Es una pena que las habilidades gerenciales del exdiputado Miguel Gutiérrez, a quien la Fiscalía Federal de Estados Unidos acusa de traficar hacia ese país más de 51 mil kilogramos de cocaína entre el 2014 y el 2020, no fueran utilizadas en mejores propósitos, dentro del marco de la ley, pues ese talento le hubiera servido para emprender negocios exitosos, aunque seguramente no tan rentables como el narcotráfico que lo enviará a una cárcel norteamericana durante 65 meses a partir del primero de febrero del 2024 luego de pactar un acuerdo con las autoridades norteamericanas.

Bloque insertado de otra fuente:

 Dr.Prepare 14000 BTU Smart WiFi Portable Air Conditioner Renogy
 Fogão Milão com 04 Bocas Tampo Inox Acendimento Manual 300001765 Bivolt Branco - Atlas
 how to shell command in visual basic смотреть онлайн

Puede leer: ¿Justicia divina?
El exdiputado del PRM fue el legislador más votado en Santiago durante las pasadas elecciones, pero su trabajo legislativo fue muy pobre, por no decir nulo, probablemente porque su interés por alcanzar una curul fue el de proporcionarse inmunidad para sus actividades criminales. Lo que hasta cierto punto consiguió ya que sus colegas del PRM, mayoría en ambas cámaras legislativas, nunca movieron un dedo para sancionarlo cuando se reveló el verdadero origen de su riqueza. Y si no fuera porque en un exceso de confianza incomprensible viajó a Miami, donde fue apresado de inmediato por la DEA, a lo mejor andaría todavía por ahí como quien no ha roto nunca un plato.

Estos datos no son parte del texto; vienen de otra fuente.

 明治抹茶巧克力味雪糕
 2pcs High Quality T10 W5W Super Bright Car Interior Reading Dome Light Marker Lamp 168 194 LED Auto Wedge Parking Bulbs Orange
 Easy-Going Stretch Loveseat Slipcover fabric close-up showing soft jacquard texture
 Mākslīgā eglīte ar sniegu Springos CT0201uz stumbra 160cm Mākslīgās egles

Esa inacción calculada y deliberada para aplicar sanciones al compañero que violó la ley, en nombre de un espíritu de cuerpo que se parece mucho a la complicidad, es lo que explica que el Congreso Nacional se haya ido convirtiendo, elecciones tras elecciones, en un refugio para los que buscan protegerse de las consecuencias de sus actividades ilegales. El hecho de que sea ahora, con el apresamiento de Miguel Gutiérrez y los legisladores que son investigados por pertenecer a una red de lavado de activos en la denominada Operación Falcón, que estemos viendo los resultados de su progresiva cualquierización simplemente quiere decir que aquellos polvos son los que han provocado el lodazal que amenaza inundar el Congreso.